La odié profundamente pero también me alejé de los libros. El distanciamiento duró hasta la universidad. Leí por necesidad y cierta curiosidad todo lo que mis docentes obligaban, pero no volví a experimentar el hechizo de aquellos días de enamoramiento. Leía porque tenía que hacerlo, por pasar el examen, por argumentar mis posiciones, por cumplir con la tarea, por aparentar erudición, por cualquier otro motivo, pero nunca volví a hacerlo con fruición.
No fue sino hasta que suspendí mis estudios universitarios para dedicarme a la maternidad que tuve el tan esperado reencuentro y fue gracias a “Charlie y la Fábrica de Chocolate”. Esa imaginación que yacía dormida se activó de la mano de Willie Wonka y los Oompa Loompa. Mis pequeños hijos y yo realizamos hipnotizados un maravilloso recorrido por el mundo del chocolate y las golosinas. Perdíamos la noción del tiempo. Incumplíamos la promesa de leer sólo un capítulo y también la de irnos a dormir sin rastro de azúcar entre los dientes. Me sentí felizmente niña y reactivé la pasión por la lectura.
Pronto había completado la colección infantil del Barco de Vapor y siempre que el presupuesto lo permitía, aprovechaba para comprar algo para mí, novelas históricas, un poco de filosofía, biografías, poemarios. Sin darme cuenta, la reconciliación había sido total, al punto de que la librera volvió a hacerse un mueble necesario.
Viendo todo esto en retrospectiva, concluyo que mi amante supo ser un buen seductor. Actuó de manera sutil. Él sabe que el placer es el cebo y por eso apeló a los recuerdos de infancia y sus inigualables dosis de magia, fantasía y diversión.
Aprendemos a comer letras por convencimiento y no por imposición. Si se desea despertar el gusto por algo, debe crearse la tentación y otorgar generosos espacios de libertad.
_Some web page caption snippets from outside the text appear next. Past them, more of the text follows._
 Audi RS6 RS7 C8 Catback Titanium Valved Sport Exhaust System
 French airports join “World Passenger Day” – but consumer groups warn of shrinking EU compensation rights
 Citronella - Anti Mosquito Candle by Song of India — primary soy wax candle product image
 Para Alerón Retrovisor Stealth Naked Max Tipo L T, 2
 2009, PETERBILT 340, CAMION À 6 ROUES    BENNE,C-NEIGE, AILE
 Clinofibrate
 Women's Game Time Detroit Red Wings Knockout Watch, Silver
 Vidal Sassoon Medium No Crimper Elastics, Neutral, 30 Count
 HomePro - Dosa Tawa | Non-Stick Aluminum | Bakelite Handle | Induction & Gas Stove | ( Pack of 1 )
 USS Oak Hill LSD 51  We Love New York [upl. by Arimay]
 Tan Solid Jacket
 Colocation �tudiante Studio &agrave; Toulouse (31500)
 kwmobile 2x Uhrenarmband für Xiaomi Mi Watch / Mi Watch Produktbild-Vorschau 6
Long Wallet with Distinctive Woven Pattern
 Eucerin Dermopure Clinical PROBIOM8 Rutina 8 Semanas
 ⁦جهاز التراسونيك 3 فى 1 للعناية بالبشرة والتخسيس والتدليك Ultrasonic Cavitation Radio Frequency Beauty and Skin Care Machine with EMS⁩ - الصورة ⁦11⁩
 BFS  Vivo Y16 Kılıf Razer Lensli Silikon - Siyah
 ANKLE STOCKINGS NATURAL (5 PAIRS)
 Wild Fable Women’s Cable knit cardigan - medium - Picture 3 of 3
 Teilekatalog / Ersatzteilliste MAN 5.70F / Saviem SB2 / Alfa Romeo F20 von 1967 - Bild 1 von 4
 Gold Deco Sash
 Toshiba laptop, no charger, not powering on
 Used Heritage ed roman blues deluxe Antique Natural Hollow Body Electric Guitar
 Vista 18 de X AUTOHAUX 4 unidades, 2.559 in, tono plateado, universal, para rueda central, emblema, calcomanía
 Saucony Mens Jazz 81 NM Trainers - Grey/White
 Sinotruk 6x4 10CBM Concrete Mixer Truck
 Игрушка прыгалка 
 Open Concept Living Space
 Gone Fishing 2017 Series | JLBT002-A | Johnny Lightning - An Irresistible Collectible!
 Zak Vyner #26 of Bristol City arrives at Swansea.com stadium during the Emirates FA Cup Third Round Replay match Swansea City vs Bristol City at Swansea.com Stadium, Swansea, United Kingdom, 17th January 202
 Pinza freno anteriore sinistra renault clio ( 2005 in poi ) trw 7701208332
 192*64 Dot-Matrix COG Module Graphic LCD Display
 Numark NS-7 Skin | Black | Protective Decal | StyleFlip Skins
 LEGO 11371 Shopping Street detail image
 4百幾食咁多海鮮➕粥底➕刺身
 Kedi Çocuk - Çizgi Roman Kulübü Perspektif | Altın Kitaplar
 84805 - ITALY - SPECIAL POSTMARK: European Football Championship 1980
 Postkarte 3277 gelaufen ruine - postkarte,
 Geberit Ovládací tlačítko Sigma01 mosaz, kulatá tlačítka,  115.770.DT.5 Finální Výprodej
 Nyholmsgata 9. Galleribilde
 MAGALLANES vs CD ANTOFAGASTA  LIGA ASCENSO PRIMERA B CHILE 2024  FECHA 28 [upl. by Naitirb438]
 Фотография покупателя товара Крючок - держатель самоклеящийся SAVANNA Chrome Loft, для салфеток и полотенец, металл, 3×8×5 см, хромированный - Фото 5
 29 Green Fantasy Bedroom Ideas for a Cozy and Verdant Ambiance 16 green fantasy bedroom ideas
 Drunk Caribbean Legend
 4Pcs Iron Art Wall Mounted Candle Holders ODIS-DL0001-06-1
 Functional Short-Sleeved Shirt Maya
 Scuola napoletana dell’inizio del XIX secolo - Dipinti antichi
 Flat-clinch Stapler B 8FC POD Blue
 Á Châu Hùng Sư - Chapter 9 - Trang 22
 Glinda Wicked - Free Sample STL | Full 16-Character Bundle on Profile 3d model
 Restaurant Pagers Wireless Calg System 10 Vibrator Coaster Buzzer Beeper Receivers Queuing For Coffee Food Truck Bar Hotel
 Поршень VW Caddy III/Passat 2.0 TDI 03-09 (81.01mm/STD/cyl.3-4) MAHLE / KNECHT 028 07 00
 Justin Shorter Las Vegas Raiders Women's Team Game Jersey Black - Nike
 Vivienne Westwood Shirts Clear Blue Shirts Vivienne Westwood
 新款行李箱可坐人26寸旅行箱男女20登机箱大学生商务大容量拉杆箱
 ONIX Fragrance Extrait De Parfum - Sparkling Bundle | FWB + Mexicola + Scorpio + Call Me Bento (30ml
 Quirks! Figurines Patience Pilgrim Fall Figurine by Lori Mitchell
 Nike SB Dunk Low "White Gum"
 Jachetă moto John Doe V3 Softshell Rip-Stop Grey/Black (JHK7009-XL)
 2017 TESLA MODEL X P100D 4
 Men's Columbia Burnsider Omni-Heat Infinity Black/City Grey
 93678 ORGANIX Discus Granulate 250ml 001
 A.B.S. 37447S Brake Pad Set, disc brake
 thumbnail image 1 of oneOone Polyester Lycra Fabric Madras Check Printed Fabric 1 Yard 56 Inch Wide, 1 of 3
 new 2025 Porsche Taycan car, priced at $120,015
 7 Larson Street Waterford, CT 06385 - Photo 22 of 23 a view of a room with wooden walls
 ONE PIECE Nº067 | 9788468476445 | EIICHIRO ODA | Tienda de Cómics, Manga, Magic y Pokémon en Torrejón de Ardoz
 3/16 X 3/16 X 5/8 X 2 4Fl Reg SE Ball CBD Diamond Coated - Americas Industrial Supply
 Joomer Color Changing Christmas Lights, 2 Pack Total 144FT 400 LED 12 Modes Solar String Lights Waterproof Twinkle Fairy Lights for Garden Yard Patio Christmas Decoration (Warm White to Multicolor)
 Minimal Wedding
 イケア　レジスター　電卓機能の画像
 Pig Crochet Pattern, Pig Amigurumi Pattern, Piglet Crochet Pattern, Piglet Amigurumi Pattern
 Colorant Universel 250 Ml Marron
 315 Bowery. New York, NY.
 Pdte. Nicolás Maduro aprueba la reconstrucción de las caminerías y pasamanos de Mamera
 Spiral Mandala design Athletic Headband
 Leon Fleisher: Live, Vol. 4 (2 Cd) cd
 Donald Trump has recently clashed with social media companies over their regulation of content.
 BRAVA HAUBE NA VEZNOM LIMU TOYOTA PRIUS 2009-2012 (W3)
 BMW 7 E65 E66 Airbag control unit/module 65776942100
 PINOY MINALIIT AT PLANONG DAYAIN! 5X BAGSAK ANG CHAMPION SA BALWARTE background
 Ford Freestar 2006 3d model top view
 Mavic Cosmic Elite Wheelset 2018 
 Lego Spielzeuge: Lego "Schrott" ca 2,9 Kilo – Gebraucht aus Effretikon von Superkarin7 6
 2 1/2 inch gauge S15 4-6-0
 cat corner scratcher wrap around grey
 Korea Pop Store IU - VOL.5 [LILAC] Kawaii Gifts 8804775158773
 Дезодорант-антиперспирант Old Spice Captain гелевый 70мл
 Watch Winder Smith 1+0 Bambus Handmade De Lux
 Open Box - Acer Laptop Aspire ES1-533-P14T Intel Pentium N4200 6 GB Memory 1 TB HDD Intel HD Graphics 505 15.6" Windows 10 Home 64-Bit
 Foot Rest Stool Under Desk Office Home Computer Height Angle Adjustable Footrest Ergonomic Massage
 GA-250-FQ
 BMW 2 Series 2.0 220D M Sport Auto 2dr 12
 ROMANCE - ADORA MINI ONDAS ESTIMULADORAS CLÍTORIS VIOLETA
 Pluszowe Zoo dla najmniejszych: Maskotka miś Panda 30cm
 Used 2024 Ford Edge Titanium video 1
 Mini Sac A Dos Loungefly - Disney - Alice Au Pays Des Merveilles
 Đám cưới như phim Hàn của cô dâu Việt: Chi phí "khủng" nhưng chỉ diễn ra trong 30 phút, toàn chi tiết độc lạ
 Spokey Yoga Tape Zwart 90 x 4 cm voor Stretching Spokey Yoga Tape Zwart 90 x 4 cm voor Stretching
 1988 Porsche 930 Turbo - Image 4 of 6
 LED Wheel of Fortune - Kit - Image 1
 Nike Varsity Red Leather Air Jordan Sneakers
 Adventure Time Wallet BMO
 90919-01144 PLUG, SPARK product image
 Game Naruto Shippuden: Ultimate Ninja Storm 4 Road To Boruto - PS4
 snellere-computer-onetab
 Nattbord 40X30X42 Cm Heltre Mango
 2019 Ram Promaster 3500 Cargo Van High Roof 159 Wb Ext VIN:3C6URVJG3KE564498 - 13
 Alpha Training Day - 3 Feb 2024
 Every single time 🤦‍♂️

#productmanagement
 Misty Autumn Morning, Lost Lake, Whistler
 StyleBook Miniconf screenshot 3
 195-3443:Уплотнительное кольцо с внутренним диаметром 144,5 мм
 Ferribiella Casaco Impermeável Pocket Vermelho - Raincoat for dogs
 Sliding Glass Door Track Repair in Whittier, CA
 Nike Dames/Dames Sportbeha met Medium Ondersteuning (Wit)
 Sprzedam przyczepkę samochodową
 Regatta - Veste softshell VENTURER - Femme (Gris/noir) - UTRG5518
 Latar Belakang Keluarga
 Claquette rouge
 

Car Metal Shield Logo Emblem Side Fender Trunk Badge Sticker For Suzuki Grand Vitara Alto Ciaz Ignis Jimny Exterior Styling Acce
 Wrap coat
Al igual que la serpiente tentó a Eva con la promesa del conocimiento prohibido, debe animarse en jóvenes y niños, el deseo por la lectura. El señuelo pasa por conocer sus gustos y aficiones, por estimular su curiosidad.
“A la fuerza, ni la comida es buena” decía mi abuela y yo agregaría: y las letras menos. Así que padres y docentes deben aprender las técnicas de la persuasión. Deben atraer y provocar el deseo por explorar el mundo del saber. Millones de letras dormidas aguardan ser avivadas por esas mentes reales y ágiles que hoy se apagan y además rinden culto a la inteligencia artificial.
El final de esta historia es feliz. Engullo letras sin mesura, las saboreo con el mismo gusto con el que devoraría el barco vikingo de caramelo en el que navegaron los cien Oompa Loompas. El purgante ya no es el aceite de oliva –también nos reconciliamos–, sino la dosis cruel de realidad que me trae frecuente y estrepitosamente a tierra.
Mi mente descansa sobre páginas enteras escritas con amor, fulgor y fantasía. Mis pies sobre la simple objetividad de mi existencia.
“Que otros se jacten de las páginas que han escrito; a mí me enorgullecen las que he leído”. J. L. Borges.